Just to be crystal clear, the MC2300 will be pulling double duty - it will be used during movie watching too. It should be up to the task, right?
If you don't need the extra power, don't expect too much, if any improvement, especially in the high frequency range. Around 1975, I bought one new. It lacked in the treble range. The output transformers was the problem according to others. The output transformers were said to have a slow transient response, and was said to make the highs sound limited, making it sound like it didn't go all the way to 20 kHz.
Tube amps use output transformers, and the better ones don't have this problem. In the past couple of years, a friend and I compared a couple of other early MAC amps, and still noticed the same problem, hooked up to totally different gear.
Other than age, and the possibility of some tired parts, the amp was musical, and enjoyable except for that high frequency problem. I think is was Accuphase that used this problem, for a selling advantage at the time. Onkyo and other receivers lack in the highs, output power is far less, that can cause problems, but they are still musical, at least some of the ones I've heard.
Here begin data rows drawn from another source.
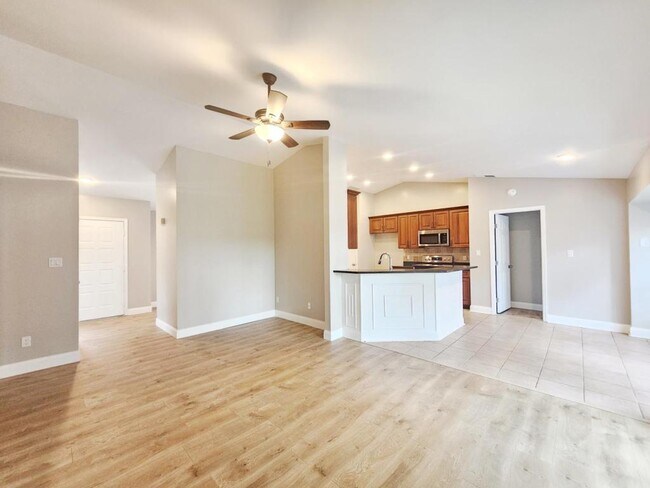Foto del edificio - 8935 Esguerra Ln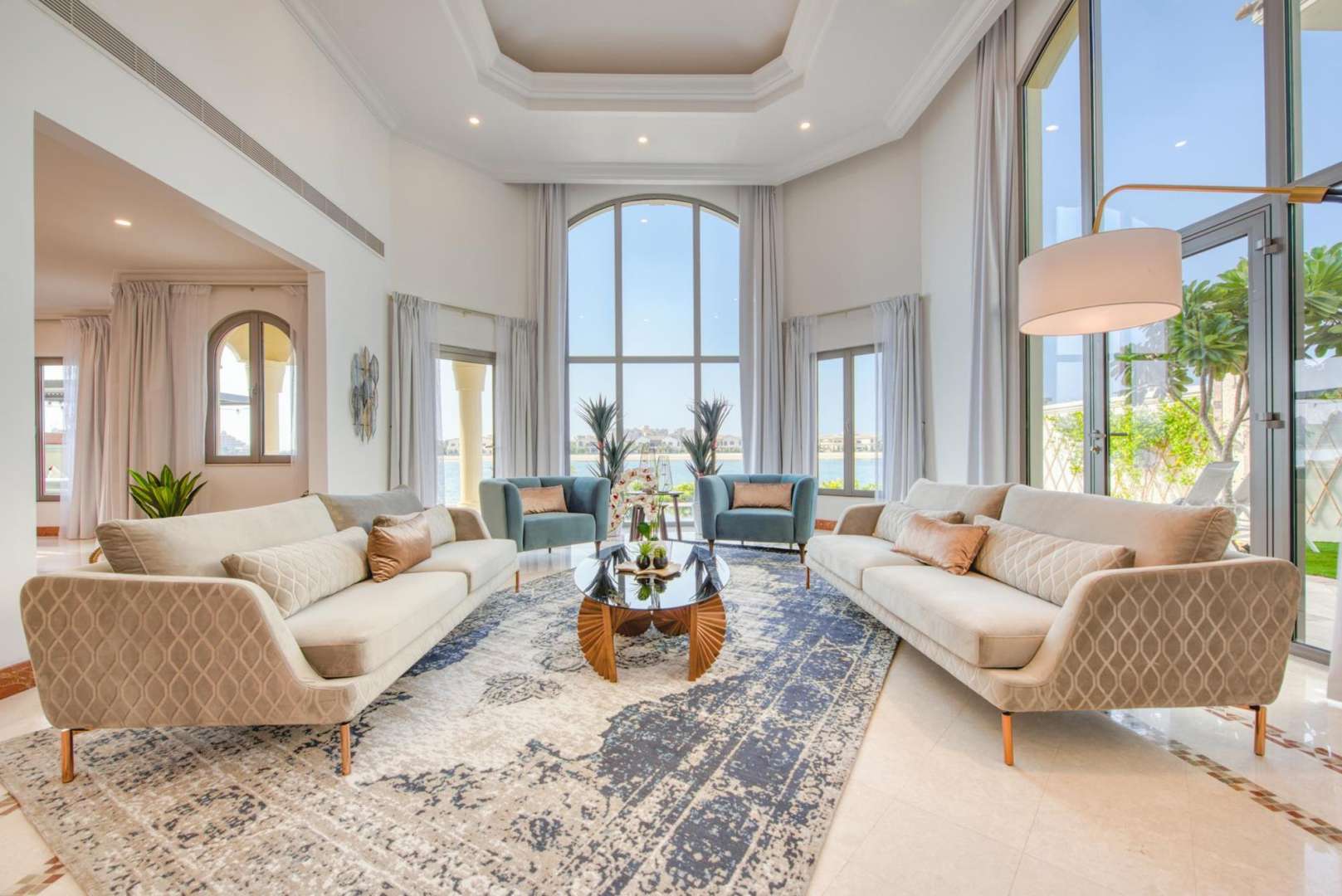 Garden Home Villa with lush landscaping on Palm Jumeirah, available for short-term rent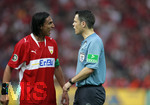 Fussball DFB-Pokal-Finale in Berlin, 26.05.2007,  VfB Stuttgart - 1.FC Nürnberg, Fernando MEIRA (li, Stuttgart) reklamiert bei  Schiedsrichter Michael WEINER (re).   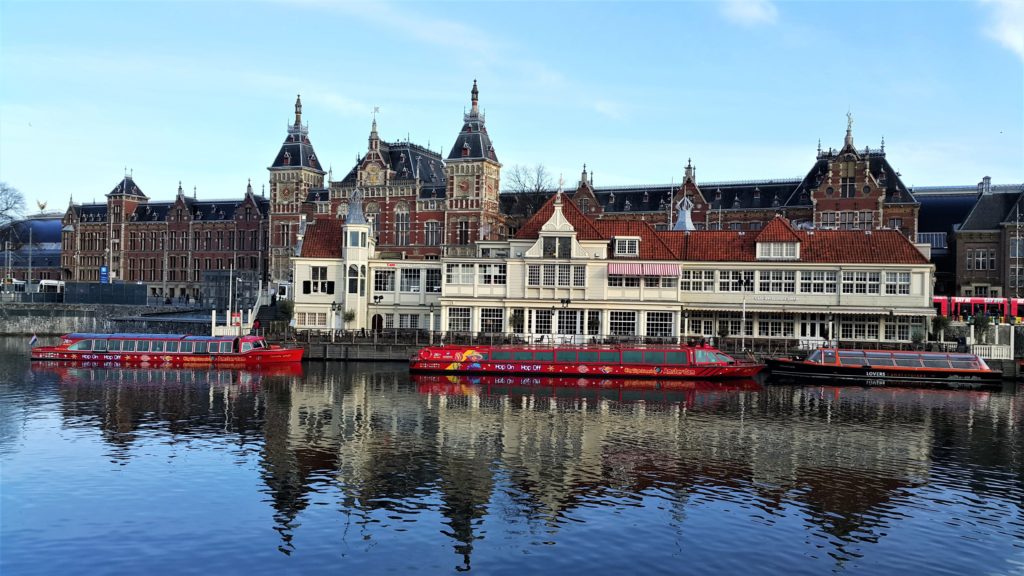 Amsterdam Central Station (Tren Garı)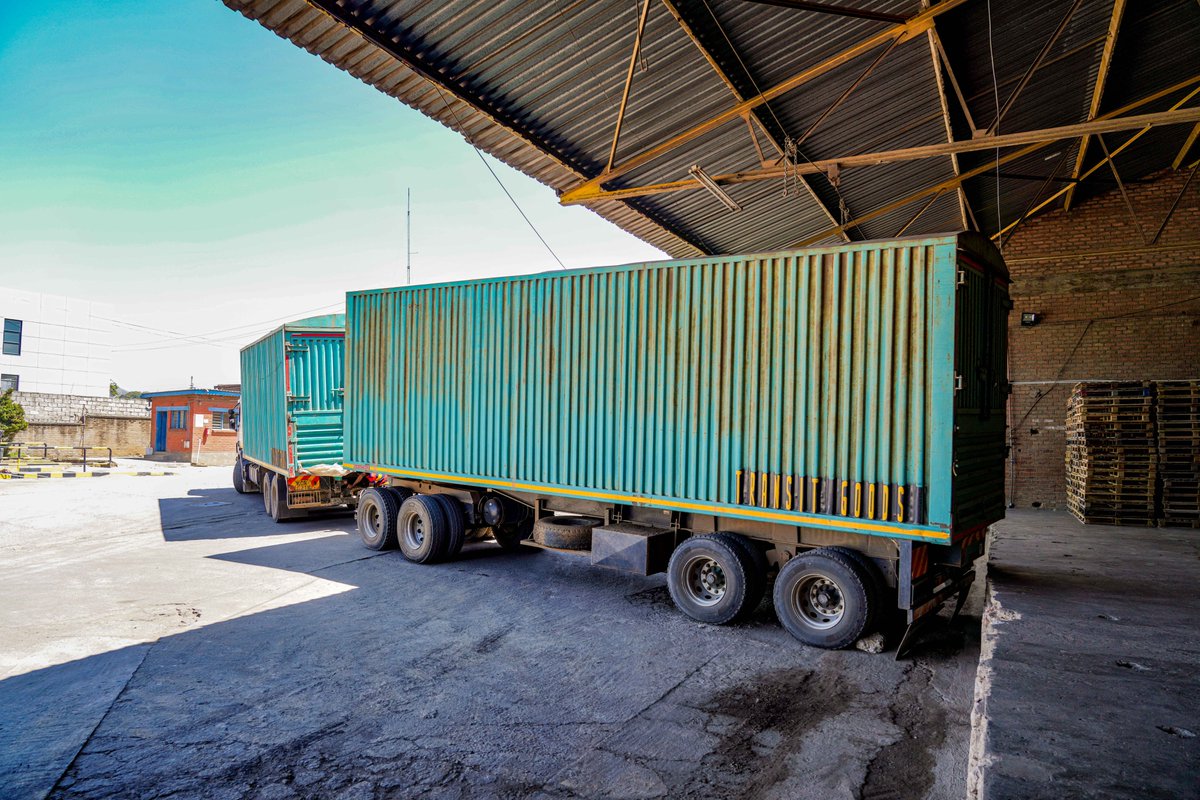 WFP_Malawi's tweet photo. 🇺🇦🇲🇼From Ukraine to Malawi, support is reaching families in need. 

5,350 MT of food has started arriving to support 600,000 people during the lean season. 

Financed by 🇰🇷 Korea through #FoodFromUkraine, this support will ensure families facing hunger access the food they need. https://t.co/oDT9yU0XJt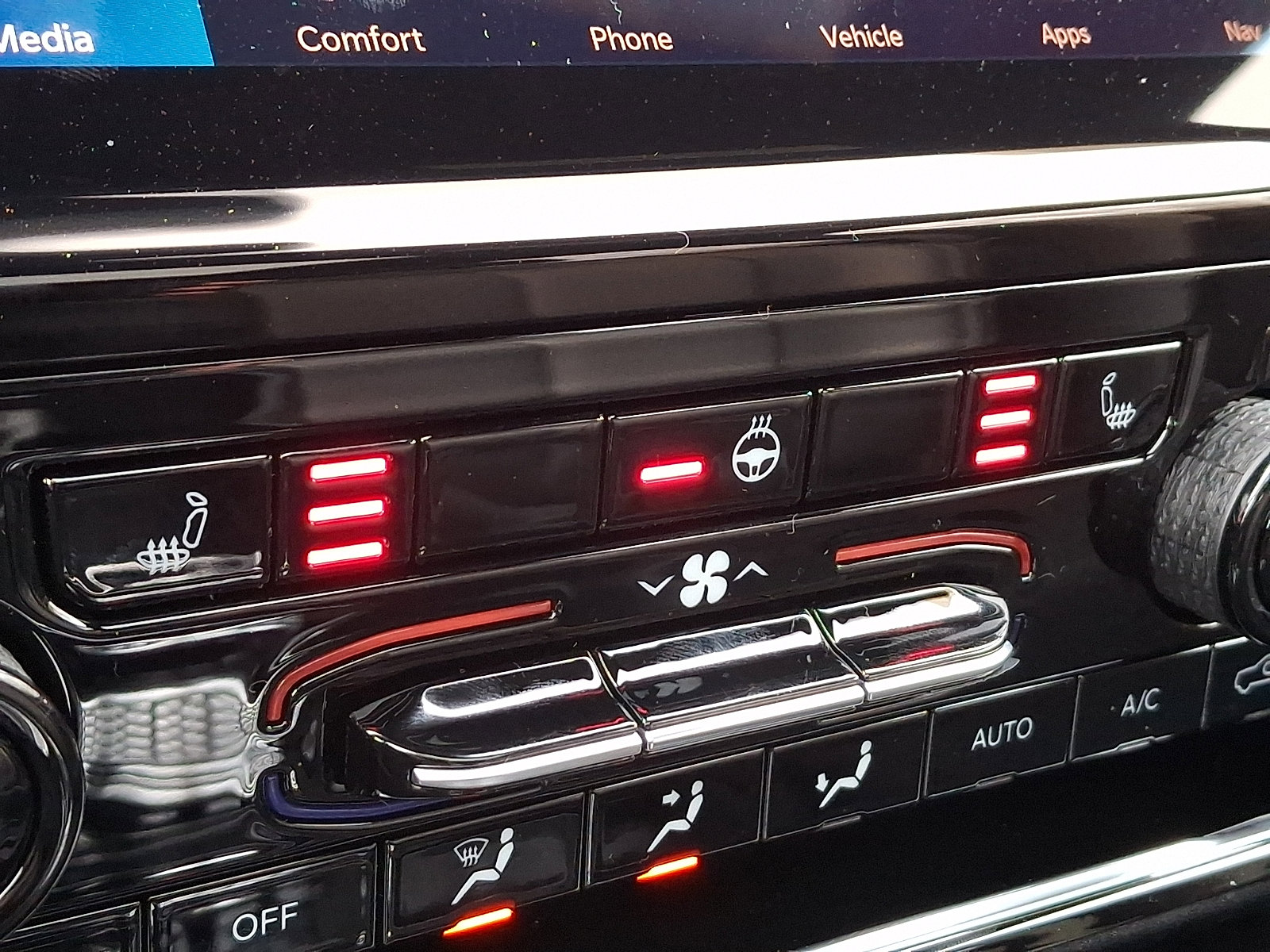 New 2025 Jeep Grand Cherokee L Limited image 16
So, if you don't need the extra power, you might not find much that will impress you, by going to the MC-2300. A lot of receivers have a problem with 4 ohm speakers. The MAC won't, if it performs right. If it was better in the high frequency range, it may provide a better improvement, sonically.
There should be other newer amps out there that will give you more sonically. A lot of people say that Emotiva and Outlaw aren't quite up to what others can do in this price range. I use tube amps now, and haven't kept up with the latest solid state amps enough to recommend one.
The MAC amps were built like tanks, and it weighs over a hundred pounds. If you buy it, bring a friend to help move it. It was hard for one to move I remember, even though I was younger then. Even Rock bands and Discos used them because of their build quality, and reliably in its day.
Hifitime - Thank you for a very detailed response. The original buyer never responded even after me contacting them a couple times. If he's not interested in making money, whatever.
Do you recommend any tube amps for my specific case then - music and double duty as front left and right home theatre speakers? I might be able to swing up to $1500 if absolutely need be.
Maritan, If you went to tube amps, it would be best for two channel music only. They wouldn't match very well with solid state, in a home theater system. And, an all tube theater system costs a fortune. You would need all the speakers to be tube powered. Also, tube amps like efficient speakers in general. Speakers that run around 8 ohms, and fairly efficient, meaning they don't need that much power to play loud enough.
Some people switch between a tube amp for the front two main speakers, and then switch back to the solid state for home theater. That gets to be a pain though, and risky. A tube amp needs a speaker load on it whenever it's on. So if you accidently switch a tube amp on, with no speakers, there a risk of ruining the output transformers. That gets costly.
I'm guessing there must be solid state amps out there that would do better. A lot depends on your speakers, and other gear too. If your speakers are good at revealing things, a better amp may work. The Integra's preamp section may limit it some too. Also, if your speakers like a lot of power, or are 4 ohms, an outboard amp may make a difference for that reason. A lot depends on your gear you have, and what your looking for.
I have had MC2300s over the last 12 years and I can say with confidence that I learn more and more about these amplifiers as time goes by.It is one of the best amplifiers that Mcintosh had ever built. The ones that come into my possession have always been thoroughly refreshed by the legendary Syd Beaumont of Ideal Innovations in Woodstock, Ontario. Newer and better power transistors - re-built driver boards - Better Power Caps - Every circuit checked and newer/better parts installed, including resistors, connectors and the use of shielded wiring where necessary - too many to list. One unit took me about 2 years - but well worth the money and time. they would be good for another 40 years. I have 2 units now and they are simply amazing. I use them with C20 preamps and a series of different JBLs - stunning.